WHAT YOU HAVE TO DO: Please copy exactly the line containing "Lit mezzanine avec" and every line after it, through the last line of the records below, leaving out all pictures.

INPUT:

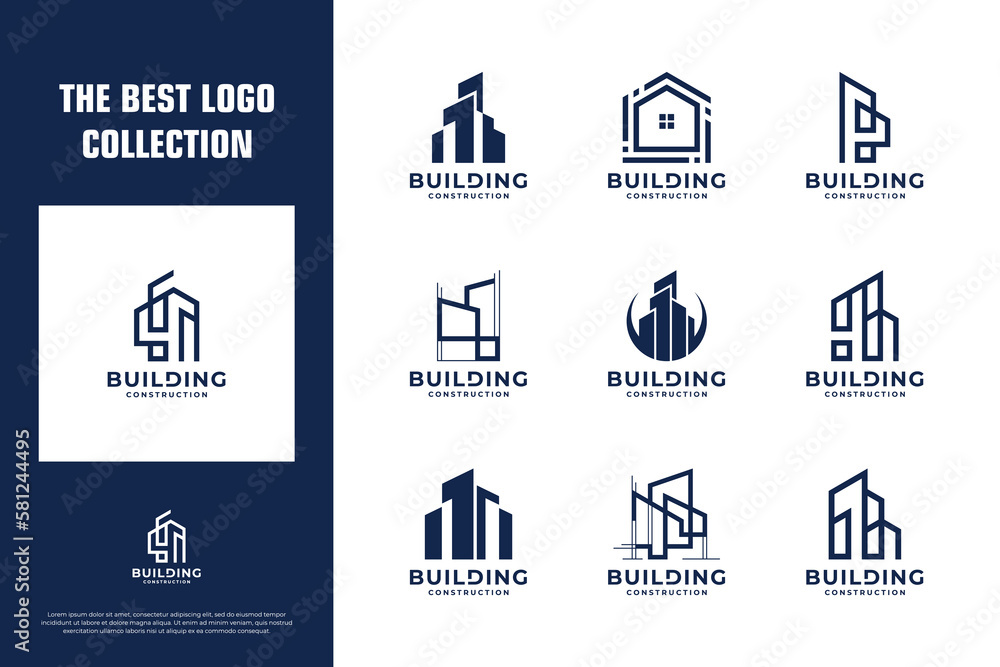 Collection of building line art style logo design inspiration.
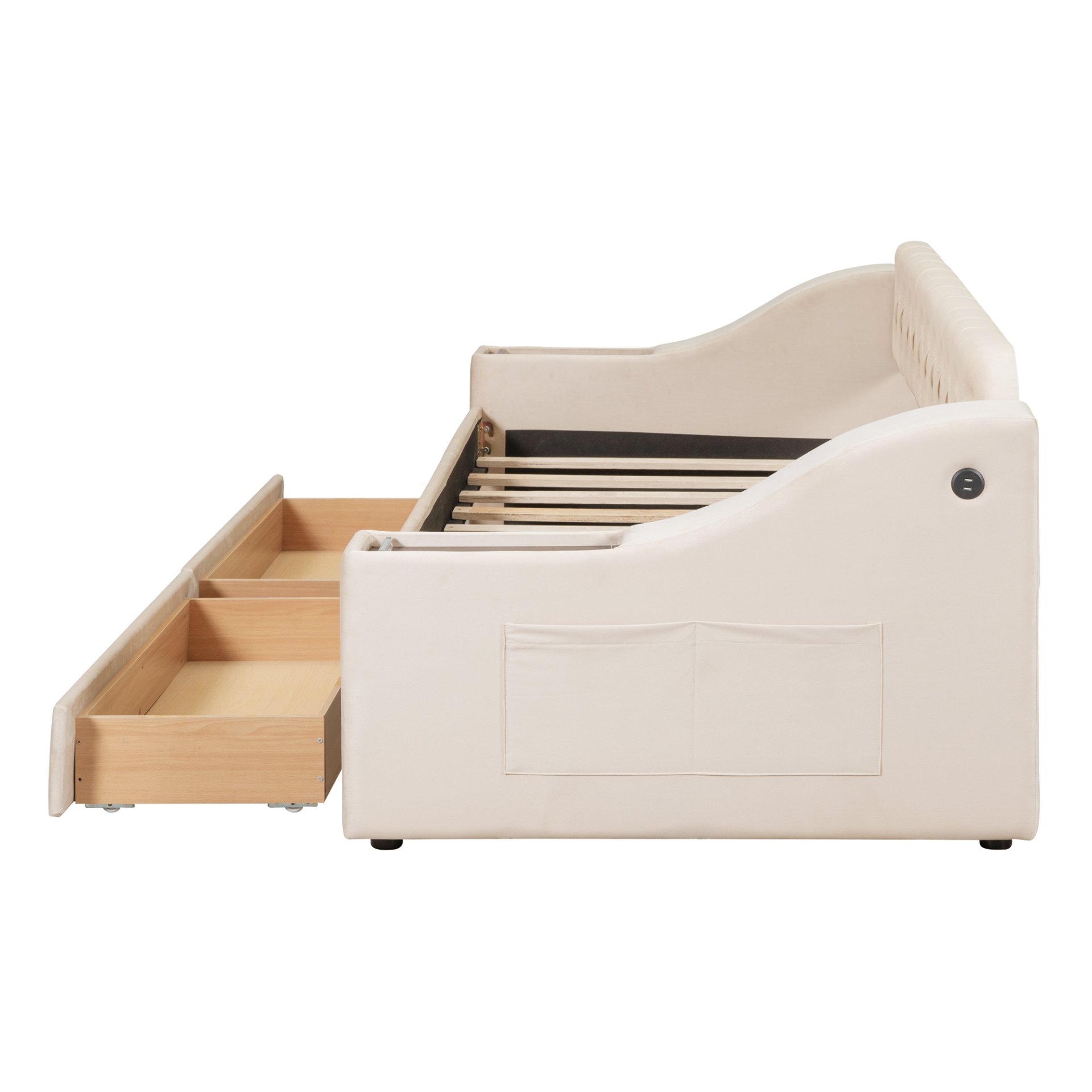 Twin Size Upholstered Daybed With Storage Armrests And USB Port - Beige - Image 7
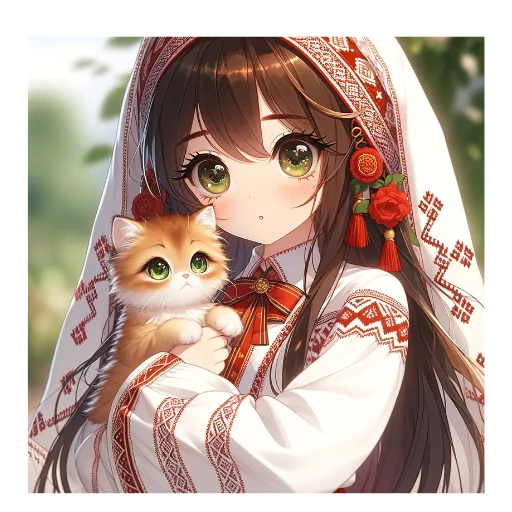 🐈 Стикер «Chuvash Anime Here» для Telegram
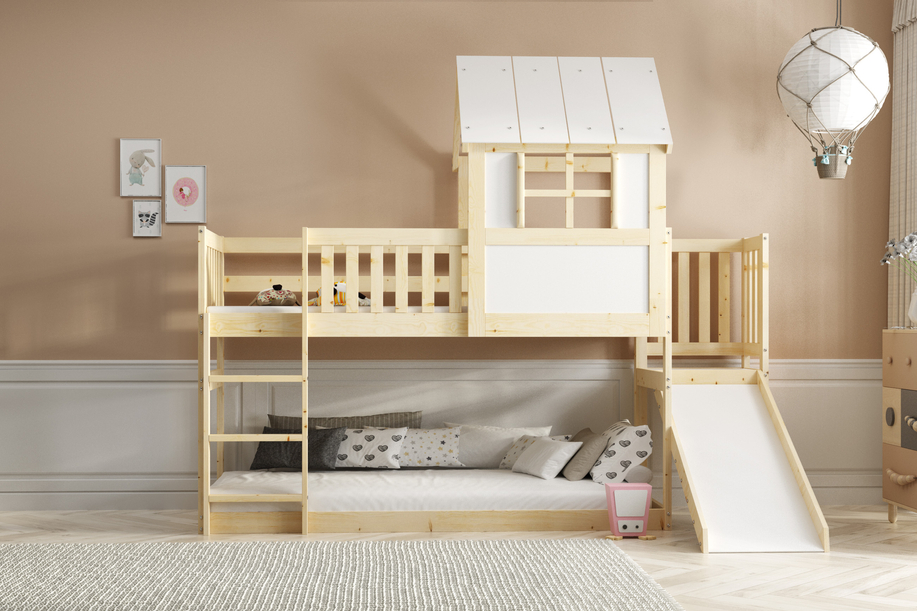Lit mezzanine avec toboggan – cabane en bois naturel 90x200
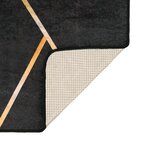 vidaXL Tapis lavable noir et doré 190x300 cm antidérapant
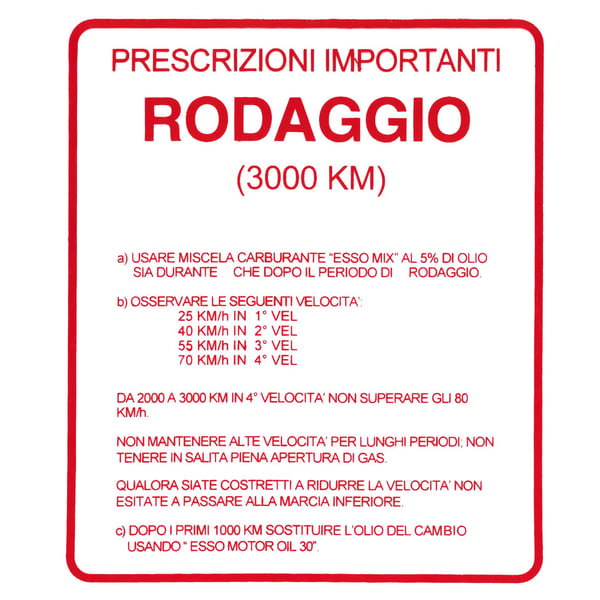 Aufkleber Einfahrvorschrift, RODAGGIO für Vespa 160 GS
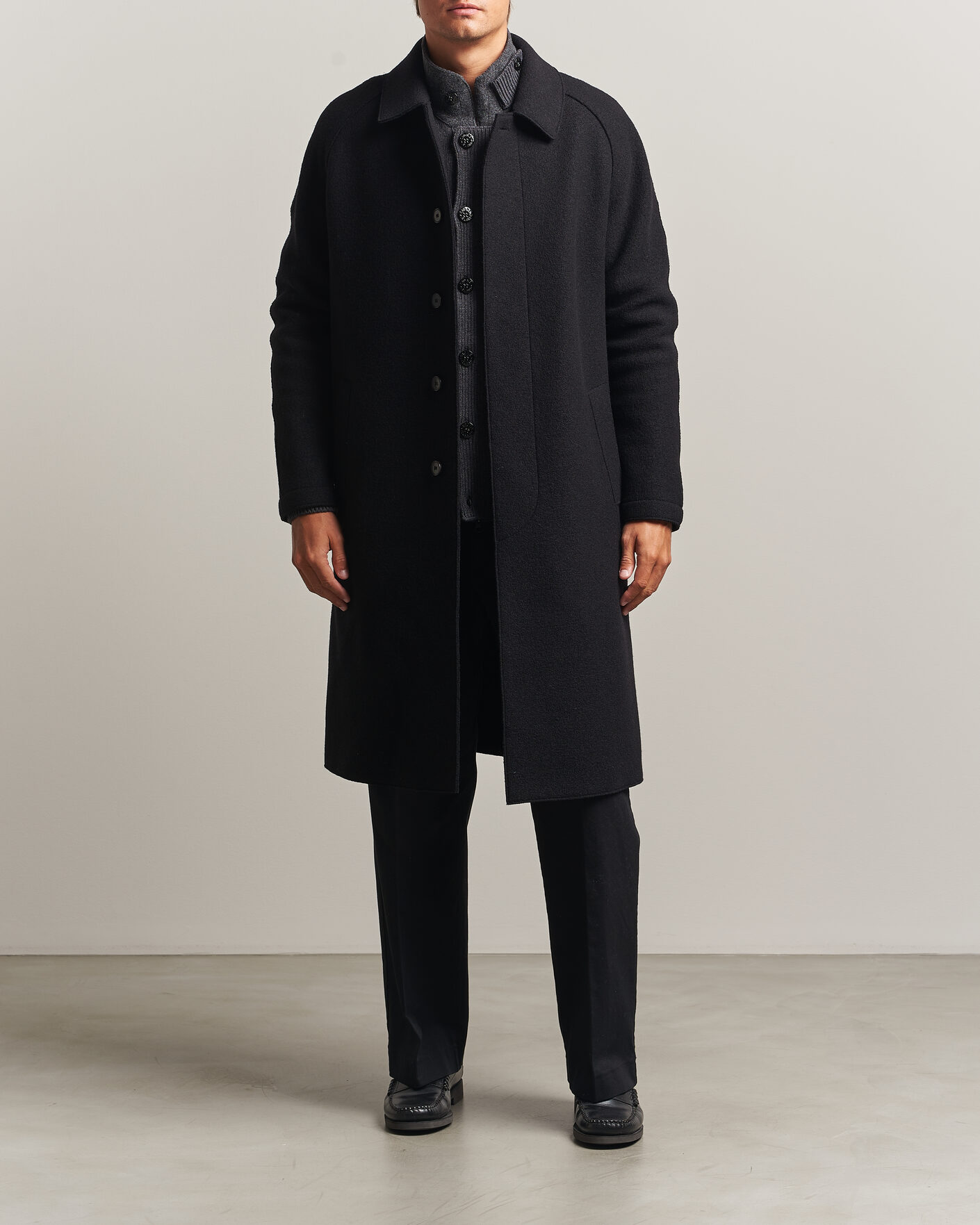 Herre | Jakker | Harris Wharf London | Boiled Wool Fly Front Balmacan Coat Black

EXERCISE RESULT:
Lit mezzanine avec toboggan – cabane en bois naturel 90x200
 vidaXL Tapis lavable noir et doré 190x300 cm antidérapant
 Aufkleber Einfahrvorschrift, RODAGGIO für Vespa 160 GS
 Herre | Jakker | Harris Wharf London | Boiled Wool Fly Front Balmacan Coat Black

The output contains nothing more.